I use a lot of Excel when I have to present scenarios and change a “final” table in front of clients. Looking at the data is easier in Excel than in R, but of course I’m referring to a “final, condensed, aggregated” dataset (< ~30000 I guess?).

Knowing how to conduct a PCA analysis in R does not mean you understand the dataset and can play with human-generated scenarios on it in a spreadsheet.

For that sense, R is overrated. There's a reason the industry still relies heavily on spreadsheets. They are easy. They support the creation of scenarios and conversation about the data.

R programming will be gibbreish in front of a meeting room with the CEO. Unless you spent days/weeks working on a Shiny dashboard. And still you can be surprised with a simple question on "change a parameter x, please".

What you have said is true about scenario analysis, but then R is meant for statisticians and written by statisticians. Using it for a simple think like that is like using a thermonuclear bomb to kill a fly.

R shines truly when one actually have to use statistics to infer information, say creation of neural networks or forecasting or the likes.

Also when working in a file with more then 1000 line items when it is necessary to have a birds eye view then R works well for me (this is my personal thought and given that I am proficient in R this is biased).

Thanks for the input, guys. You’re both right. I will never argue against use of spreadsheets because I still use them on a daily basis, more than R, in fact.

Over time, each person figures out what works for them and when. To this day, I still pull our R as my secret weapon at work. The important thing is you diversify your skill set so you can build the confidence to think that nothing is impossible (at least as far as data work goes).

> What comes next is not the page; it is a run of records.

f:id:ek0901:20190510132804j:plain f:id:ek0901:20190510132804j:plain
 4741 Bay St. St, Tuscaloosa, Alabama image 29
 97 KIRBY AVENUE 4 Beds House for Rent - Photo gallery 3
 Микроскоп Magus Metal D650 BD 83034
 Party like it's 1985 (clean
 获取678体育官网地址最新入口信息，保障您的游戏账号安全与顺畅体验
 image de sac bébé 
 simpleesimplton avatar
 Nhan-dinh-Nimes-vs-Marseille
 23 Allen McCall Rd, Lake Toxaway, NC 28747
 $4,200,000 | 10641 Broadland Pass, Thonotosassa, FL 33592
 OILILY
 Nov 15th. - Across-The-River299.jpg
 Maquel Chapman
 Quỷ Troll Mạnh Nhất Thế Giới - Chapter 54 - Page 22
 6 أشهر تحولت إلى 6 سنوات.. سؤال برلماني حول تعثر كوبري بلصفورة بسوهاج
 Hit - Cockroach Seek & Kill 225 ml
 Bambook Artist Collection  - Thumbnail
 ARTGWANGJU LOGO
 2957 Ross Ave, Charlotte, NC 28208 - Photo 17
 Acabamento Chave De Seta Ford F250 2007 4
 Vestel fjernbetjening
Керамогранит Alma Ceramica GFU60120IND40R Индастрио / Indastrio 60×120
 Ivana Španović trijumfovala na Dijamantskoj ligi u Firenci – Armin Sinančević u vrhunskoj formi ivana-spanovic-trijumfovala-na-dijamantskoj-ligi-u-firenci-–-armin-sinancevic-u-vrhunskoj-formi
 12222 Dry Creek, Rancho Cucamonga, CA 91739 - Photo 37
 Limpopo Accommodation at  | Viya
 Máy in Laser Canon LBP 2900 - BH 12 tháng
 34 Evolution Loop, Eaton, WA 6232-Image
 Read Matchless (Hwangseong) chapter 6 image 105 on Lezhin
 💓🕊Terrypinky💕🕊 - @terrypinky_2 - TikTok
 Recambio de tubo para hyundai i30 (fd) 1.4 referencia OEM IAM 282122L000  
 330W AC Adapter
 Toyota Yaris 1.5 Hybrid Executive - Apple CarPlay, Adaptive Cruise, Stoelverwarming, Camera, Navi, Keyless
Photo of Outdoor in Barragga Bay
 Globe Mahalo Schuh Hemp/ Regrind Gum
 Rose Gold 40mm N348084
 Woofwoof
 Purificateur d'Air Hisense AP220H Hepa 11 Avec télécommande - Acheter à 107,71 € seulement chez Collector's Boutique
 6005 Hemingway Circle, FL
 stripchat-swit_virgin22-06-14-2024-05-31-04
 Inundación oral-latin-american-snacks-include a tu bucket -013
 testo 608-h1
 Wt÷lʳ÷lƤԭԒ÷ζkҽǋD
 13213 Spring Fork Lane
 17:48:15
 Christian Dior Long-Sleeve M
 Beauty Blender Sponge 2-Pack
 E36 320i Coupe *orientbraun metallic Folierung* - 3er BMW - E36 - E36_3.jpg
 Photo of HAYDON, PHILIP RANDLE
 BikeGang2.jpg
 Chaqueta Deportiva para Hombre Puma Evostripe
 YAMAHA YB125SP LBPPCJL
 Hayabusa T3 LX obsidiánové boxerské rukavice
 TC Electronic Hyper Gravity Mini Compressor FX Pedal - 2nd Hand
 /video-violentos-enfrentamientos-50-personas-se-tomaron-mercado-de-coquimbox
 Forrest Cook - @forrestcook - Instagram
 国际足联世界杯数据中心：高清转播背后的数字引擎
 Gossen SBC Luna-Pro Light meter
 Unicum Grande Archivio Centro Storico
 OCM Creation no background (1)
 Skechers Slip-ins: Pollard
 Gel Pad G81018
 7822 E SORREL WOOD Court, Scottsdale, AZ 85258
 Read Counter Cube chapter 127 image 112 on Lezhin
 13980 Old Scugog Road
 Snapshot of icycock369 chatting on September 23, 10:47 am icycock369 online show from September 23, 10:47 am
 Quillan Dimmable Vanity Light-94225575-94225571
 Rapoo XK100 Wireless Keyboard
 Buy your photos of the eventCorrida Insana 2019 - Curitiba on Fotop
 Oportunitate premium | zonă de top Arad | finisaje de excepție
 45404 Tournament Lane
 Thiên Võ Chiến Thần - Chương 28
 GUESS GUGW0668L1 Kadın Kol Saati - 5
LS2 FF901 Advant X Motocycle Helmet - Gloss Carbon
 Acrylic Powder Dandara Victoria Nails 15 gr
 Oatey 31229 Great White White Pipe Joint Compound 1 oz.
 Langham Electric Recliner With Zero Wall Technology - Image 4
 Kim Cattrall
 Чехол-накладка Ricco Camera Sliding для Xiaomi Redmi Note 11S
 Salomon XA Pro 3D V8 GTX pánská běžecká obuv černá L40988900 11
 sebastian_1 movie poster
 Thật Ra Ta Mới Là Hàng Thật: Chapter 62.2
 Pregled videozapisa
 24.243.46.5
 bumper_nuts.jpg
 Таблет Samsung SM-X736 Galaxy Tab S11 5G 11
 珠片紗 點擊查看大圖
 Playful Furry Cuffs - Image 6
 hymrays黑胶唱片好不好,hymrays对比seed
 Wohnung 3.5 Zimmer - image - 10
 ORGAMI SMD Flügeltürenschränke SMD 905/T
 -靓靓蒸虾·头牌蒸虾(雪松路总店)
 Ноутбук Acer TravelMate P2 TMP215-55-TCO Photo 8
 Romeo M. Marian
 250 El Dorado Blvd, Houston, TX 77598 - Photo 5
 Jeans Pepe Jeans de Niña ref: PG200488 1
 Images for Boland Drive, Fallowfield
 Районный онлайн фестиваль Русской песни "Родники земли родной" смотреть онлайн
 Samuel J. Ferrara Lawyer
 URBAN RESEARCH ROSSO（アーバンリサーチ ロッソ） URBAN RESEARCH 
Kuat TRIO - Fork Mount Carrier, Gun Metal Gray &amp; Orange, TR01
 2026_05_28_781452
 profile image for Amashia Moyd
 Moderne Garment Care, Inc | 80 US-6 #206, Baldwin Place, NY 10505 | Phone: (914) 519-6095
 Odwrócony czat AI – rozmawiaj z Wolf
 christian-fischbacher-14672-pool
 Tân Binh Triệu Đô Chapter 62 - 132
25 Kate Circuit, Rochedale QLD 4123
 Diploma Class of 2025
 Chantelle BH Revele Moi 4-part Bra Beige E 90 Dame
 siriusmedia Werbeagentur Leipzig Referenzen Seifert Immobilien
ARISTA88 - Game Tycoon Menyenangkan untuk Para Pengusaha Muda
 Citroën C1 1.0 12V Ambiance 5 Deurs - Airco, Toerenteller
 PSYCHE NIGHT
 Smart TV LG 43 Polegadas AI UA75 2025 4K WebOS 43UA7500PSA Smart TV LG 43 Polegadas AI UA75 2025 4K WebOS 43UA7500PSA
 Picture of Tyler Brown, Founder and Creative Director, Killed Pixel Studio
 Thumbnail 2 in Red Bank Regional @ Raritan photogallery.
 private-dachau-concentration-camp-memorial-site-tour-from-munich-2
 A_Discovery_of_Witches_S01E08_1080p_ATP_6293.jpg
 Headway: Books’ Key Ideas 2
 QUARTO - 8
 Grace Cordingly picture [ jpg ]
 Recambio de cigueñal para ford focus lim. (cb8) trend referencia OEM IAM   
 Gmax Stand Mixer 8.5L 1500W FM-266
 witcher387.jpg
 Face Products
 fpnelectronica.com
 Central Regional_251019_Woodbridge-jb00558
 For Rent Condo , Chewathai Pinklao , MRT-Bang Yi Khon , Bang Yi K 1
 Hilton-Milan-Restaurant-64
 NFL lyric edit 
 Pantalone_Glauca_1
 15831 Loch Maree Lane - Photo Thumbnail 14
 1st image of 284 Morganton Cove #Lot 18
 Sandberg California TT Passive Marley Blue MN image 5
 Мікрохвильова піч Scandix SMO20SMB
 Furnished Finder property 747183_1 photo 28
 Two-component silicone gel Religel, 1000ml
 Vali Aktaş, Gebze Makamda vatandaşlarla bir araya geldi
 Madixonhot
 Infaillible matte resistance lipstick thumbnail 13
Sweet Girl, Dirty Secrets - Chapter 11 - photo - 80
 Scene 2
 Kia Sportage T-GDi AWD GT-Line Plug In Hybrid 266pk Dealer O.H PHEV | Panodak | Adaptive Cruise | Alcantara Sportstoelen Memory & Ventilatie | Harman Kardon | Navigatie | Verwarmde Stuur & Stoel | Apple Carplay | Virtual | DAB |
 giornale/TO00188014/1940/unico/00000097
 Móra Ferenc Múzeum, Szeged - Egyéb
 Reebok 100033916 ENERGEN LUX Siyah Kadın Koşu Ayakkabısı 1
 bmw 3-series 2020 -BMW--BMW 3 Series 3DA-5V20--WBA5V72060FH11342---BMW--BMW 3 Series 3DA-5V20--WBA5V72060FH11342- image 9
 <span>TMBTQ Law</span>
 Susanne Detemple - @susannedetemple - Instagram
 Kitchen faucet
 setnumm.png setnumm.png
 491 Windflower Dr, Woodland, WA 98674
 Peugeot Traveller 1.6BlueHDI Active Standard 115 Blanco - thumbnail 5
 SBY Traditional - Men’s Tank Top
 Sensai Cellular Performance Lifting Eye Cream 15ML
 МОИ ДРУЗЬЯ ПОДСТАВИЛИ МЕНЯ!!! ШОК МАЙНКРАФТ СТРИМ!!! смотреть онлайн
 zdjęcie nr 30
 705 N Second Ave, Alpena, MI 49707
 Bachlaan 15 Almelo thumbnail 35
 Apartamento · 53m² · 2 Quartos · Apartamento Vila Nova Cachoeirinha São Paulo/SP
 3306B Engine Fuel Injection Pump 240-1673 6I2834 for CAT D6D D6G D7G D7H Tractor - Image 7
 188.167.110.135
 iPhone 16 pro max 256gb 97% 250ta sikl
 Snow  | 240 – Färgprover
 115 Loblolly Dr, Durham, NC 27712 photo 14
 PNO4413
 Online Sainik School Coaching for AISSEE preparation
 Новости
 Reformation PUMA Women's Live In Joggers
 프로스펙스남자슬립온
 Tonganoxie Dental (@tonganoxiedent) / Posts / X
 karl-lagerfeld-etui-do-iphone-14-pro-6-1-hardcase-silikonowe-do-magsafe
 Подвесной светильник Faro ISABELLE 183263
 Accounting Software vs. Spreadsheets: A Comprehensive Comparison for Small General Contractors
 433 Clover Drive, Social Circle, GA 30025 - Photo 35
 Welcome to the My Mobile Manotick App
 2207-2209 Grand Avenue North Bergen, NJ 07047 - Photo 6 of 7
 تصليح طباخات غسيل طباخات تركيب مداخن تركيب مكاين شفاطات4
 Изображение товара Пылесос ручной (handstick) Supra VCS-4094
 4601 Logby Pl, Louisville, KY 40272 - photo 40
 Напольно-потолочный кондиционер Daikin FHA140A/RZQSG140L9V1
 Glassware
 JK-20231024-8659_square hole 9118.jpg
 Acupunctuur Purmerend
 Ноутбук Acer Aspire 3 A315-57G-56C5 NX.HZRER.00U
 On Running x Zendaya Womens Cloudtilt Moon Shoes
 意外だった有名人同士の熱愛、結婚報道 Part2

It’s apples and oranges. Spreadsheets are for displaying small data sets and doing simple calculations on them. That’s where Excel and the likes shine. For advanced statistical analysis on larger data sets you need R. There is a small intersect between the two (i.e. joining tables) but these have very different purposes. R is not suitable for “changing a “final” table in front of clients” because advanced statistical analysis needs more time and concentration than a meeting with clients could provide.

Thanks, your opinion just the same as me. I’m using Excel and R together to analyze data, Excel helps me in the data editor and R for analyzing. In fact, R and Excel are just the tools, the most important for data analysis is the mindset and suitable theory to tell the audience a story based on boring data, don’t you think?

Excellent points! I’ve been in that situation enough times in my career — dealing with other people’s highly convoluted Excel spreadsheets that are really sensitive to the most trivial changes. The linearity of code ensures that you can read it from top to bottom to follow the logic.

I should add that today there is a much higher limit on the size of the dataset you can work with in Excel using Power Query and/or Power Pivot. I’ve worked with tens of millions of rows of data in Power Query without noticeable performance issues. I’ve also created “live” connections to databases containing billions of records (Hadoop, ERP systems, etc.)

Anyone who thinks they can’t work with large datasets in Excel is still stuck in the “old school” ways of thinking. Microsoft has made massive strides in this area in recent years, so if you’re not aware of these new Power tools you really should avail yourself of them to see how they can totally transform the way you work with data in Excel.